All of our lives are affected by propaganda on a scale that would have been unknown 100 years ago, and we all react to that propaganda in different ways, including in how we define and recognise propaganda in the world around us."

Things have moved far beyond Potato Pete. Propaganda by the State and vested interests is big business. And all pervasive

Propaganda can be good or it can be bad. It all depends on the purpose and the content. Few doubt Rockwell`s bona fides as a propagandist. The country was at war, a war of self defence. The message is positive and optimistic. It does not malign or subvert. On closer examination what seems lie a very simple image is a complex and profound study.  It has lasted. It has not faded as time progresses. And that is the test of the good over the bad.
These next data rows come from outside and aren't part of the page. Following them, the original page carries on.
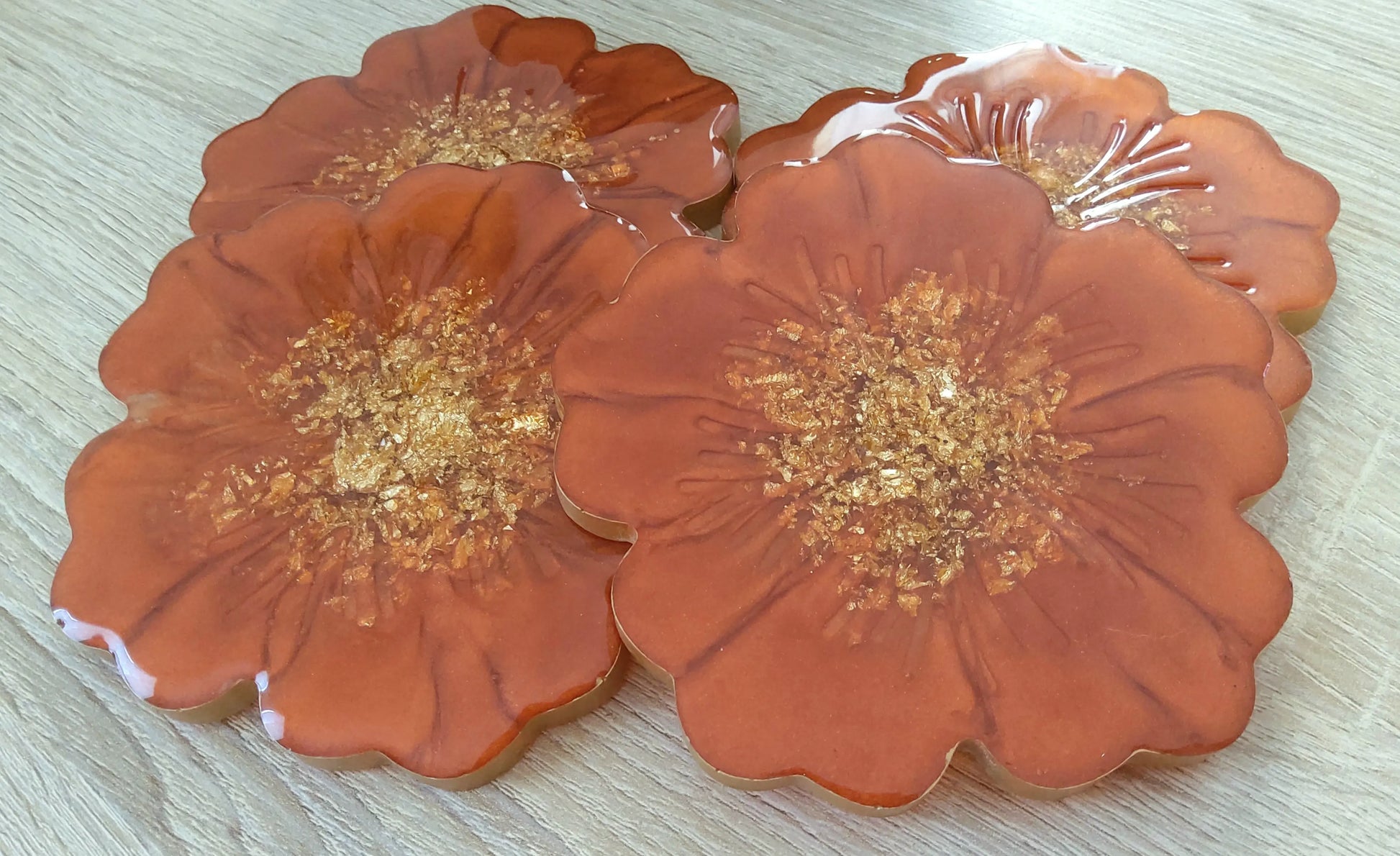 Ensemble de 4 dessous de verres en résine époxy. Cuivre et or - PRETTY RESINE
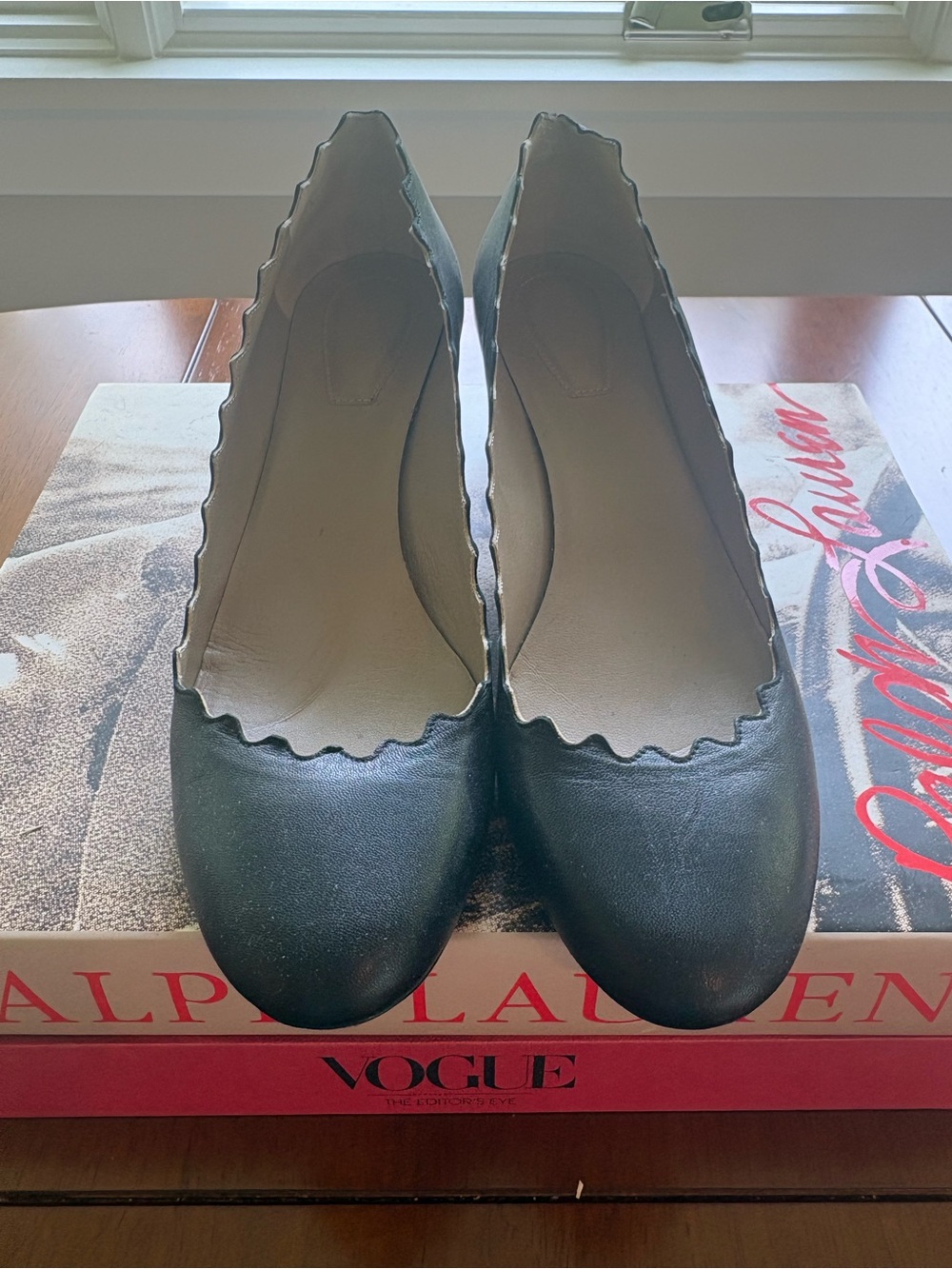 Chloe Black Scalloped Leather Pumps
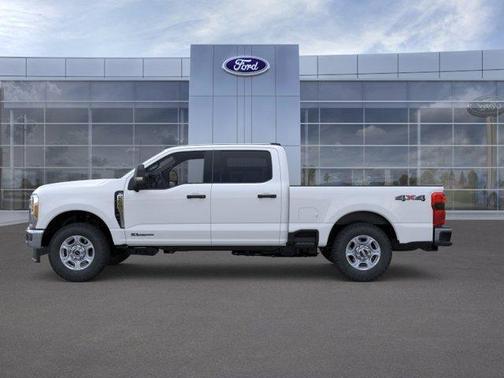 Oxford White 2026 Ford F-250 XLT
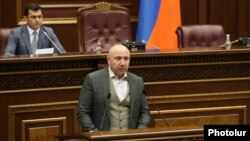 Armenia - Opposition deputy Andranik Tevanian addresses the parliament, Yerevan, March 21, 2023.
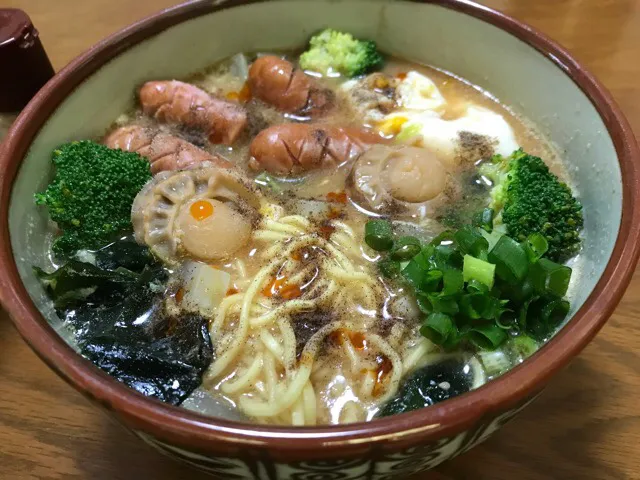 マルちゃん正麺🍜、豚骨醤油味❗️(^｡^)✨|サソリさん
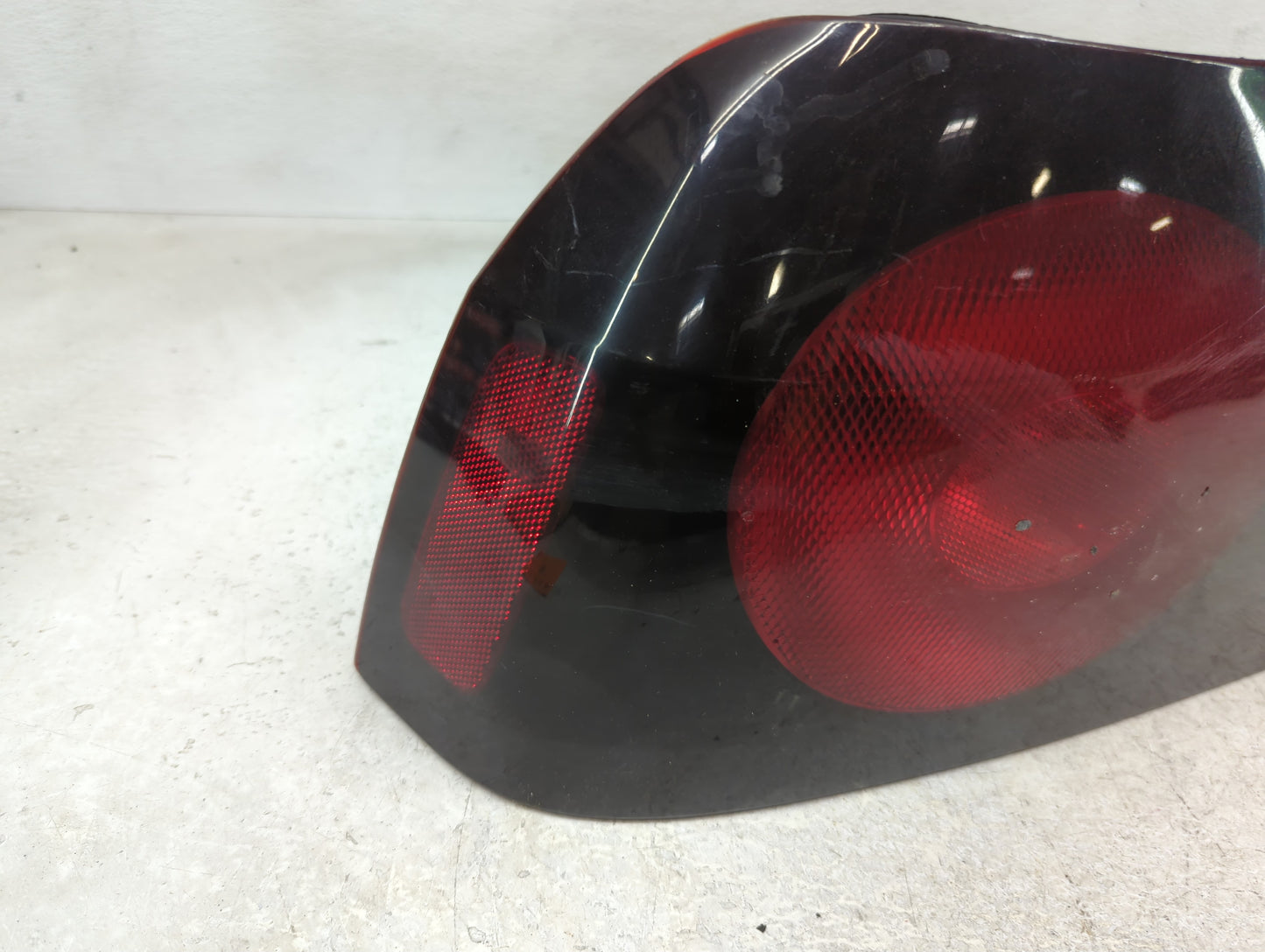 2004-2005 Chevrolet Impala Tail Light Assembly Driver Left OEM Fits Fits 2004 2005 OEM Used Auto Parts - Oemusedautoparts1.c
In a recent speech to diplomats at the Vatican Pope Francis seemed to recognise the scale of the difficulty which faces him in trying to preach a message which is inherently counter cultural in the climate of today

He talked of the present economic and financial crisis. 
He said the financial crisis "makes us forget that its ultimate origin is to be found in a profound human crisis. In the denial of the primacy of human beings! We have created new idols. The worship of the golden calf of old has found a new and heartless image in the cult of money and the dictatorship of an economy which is faceless and lacking any truly humane goal.”
“The worldwide financial and economic crisis,” the Pontiff observed, “seems to highlight their distortions and above all the gravely deficient human perspective, which reduces men and women to just one of their needs alone, namely, consumption. Worse yet, human beings themselves are nowadays considered as consumer goods which can be used and thrown away. We have started down the path of a disposable culture."
But two points stand out in the Zenit report of his speech:
"The Bishop of Rome said this tendency is at the individual and societal level, and "it is being promoted!""
"“Concealed behind this attitude,” Francis warned, “is a rejection of ethics, a rejection of God. Ethics, like solidarity, is a nuisance! It is regarded as counterproductive: as something too human, because it relativizes money and power; as a threat, because it rejects manipulation and subjection of people: because ethics leads to God, who is situated outside the categories of the market." 
The Pope said these economists and politicians consider God as dangerous because he is "unmanageable" and he "calls man to his full realization and to independence from any kind of slavery.""

1 comment:

  1. A very good post. Particularly over the past few
    months I find myself weighed down by propaganda.
    That is the outright lies being told and repeatedly told by promoters of the war on terrorism. It makes me truly unhappy that far
    too many people believe all these lies. I am not
    calling the latter all intellectually or morally deficient. The methods of spreading
    propaganda are sophisticated and efficient. It
    has and does cause much pain and ruin.
    Thank you for another interesting post.